We’re so happy to have this
opportunity to present our project to you. Some of your faces are familiar –
others not – and as a result you’re making a dream I had a few months ago come
true. I woke up at c. 3am after a dream that, as part of the project, it was
necessary that I should reach out to every wing of the University including
each academic department and each support department. I realised with relief
that this was just a dream, but the dream had been coming out of an awareness
on my part that one potentially interesting thing about the project is its
interdisciplinary – its home in disciplinary terms is classics but we don’t
consider ourselves rooted here. There is
fit for example with children’s literature, with education and with psychology
and more… so, when I started publicising
this event I was very pleasantly surprised when many of the names that were
showing in the booking notifications were unknown to me. So – a dream I had of working with colleagues
across the university is coming true.
This is a project that is
being embarked on by the three of us at Roehampton. Today we’ll be introducing
the work that we’re doing. But it is also a global project involving
collaboration between a team of scholars in Poland, Cameroon, Israel and Australia.

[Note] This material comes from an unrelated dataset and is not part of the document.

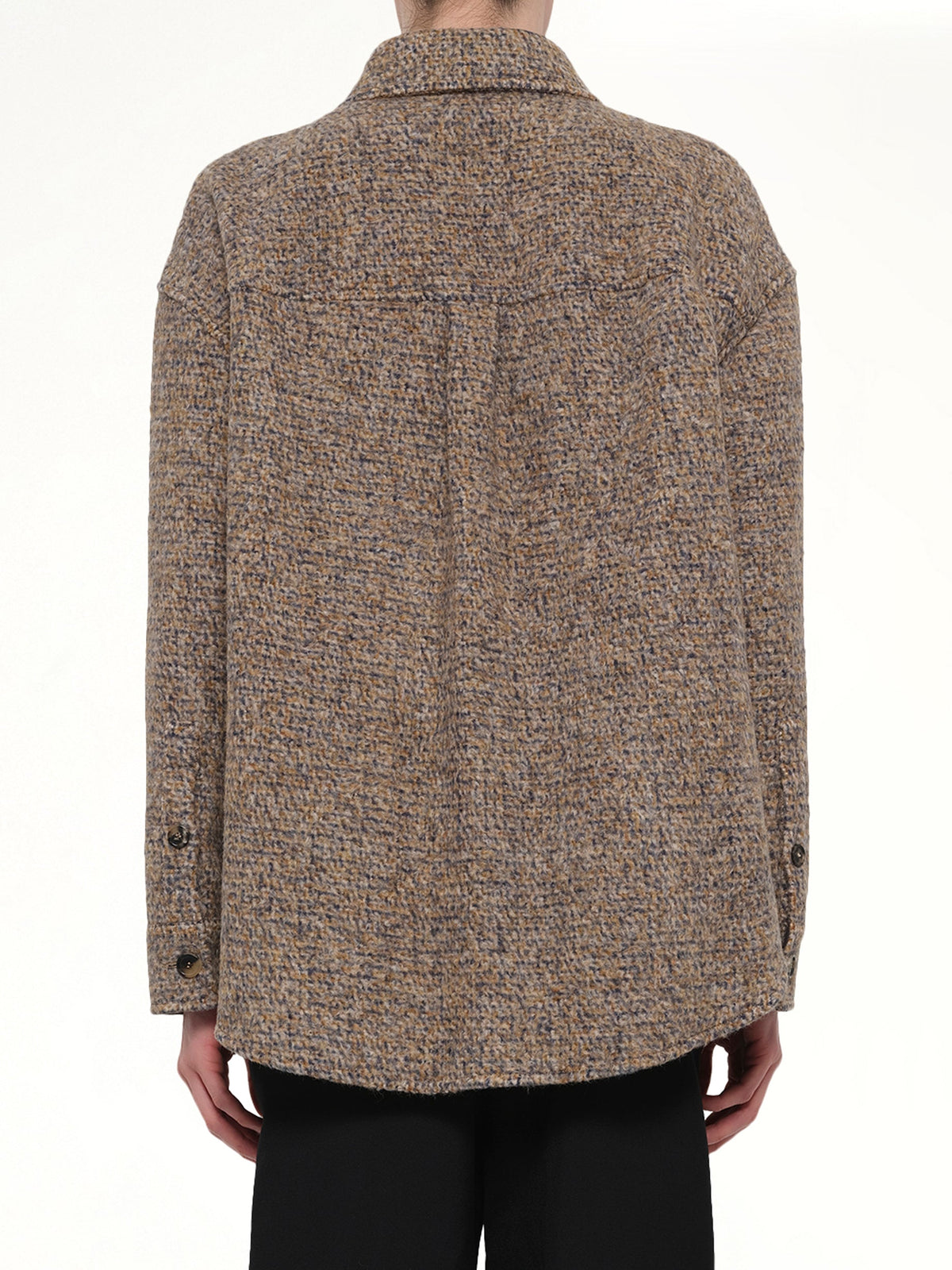 Overshirt in Beige/Blue Melange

So, as well as introducing the work that we’re doing here, we’ll show how our
work is being done in collaboration with our colleagues internationally. Here’s
how this evening will be structured. I’m going to start by talking about the
project broadly. This will lead into an introduction to a stand of the project
for which I’m taking the lead, autism and classical myth. Then, Sonya will
introduce the work she is doing along with her partner Steve Simons on
animating classical myth. Finally, Katerina will discuss the work she is doing
on how mythological figures are received in children’s culture in modern
Greece.
And what we’re going to do
is to try to convey how globally focused our project is, while conveying too
how it is rooted in regional receptions in kids’ and YA culture, and one way in
which I’m going to engage with this duality between international and local is
in relation to this room. It’s my
most favourite room and here’s why: this chimneypiece and the panel at the
centre. These can get a bit overlooked
when we gather here for meetings and receptions and so forth but it is a
wonderful instance of the reception of classical myth and it’s an instance too
of the appropriate of a mythological figure that has a resonance with our
project – because of when it was produced, who it represents and how it can
continue to speak to children today – and adults… Having hopefully generated a
bit of expectation I’ll come back to it after saying something more about the project.

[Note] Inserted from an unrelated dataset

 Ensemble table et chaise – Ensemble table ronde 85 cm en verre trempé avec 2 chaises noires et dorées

The project started – for me
– a few years ago when I saw a notice that Professor Katarzyna Marciniak put up
on a classicists’ email list about resources created under her direction on
classical motifs in Post-War literature for children in Poland. I wrote to her
expressing my interest and support and this led to a dialogue around her work
and a project that I’d been slowing building up for a few years on the potential
for classical myth in work with autistic children. Katarzyna had built up a
network of scholars interested in how children’s culture adapts and transforms
classical themes. And we decided to go for something ambitious - a bid for
funding to a sufficiently large and forward-looking scheme that might match the
ambitious project we were envisaging. This was the Horizon 2020 Excellent
Science Scheme of the European Research Council.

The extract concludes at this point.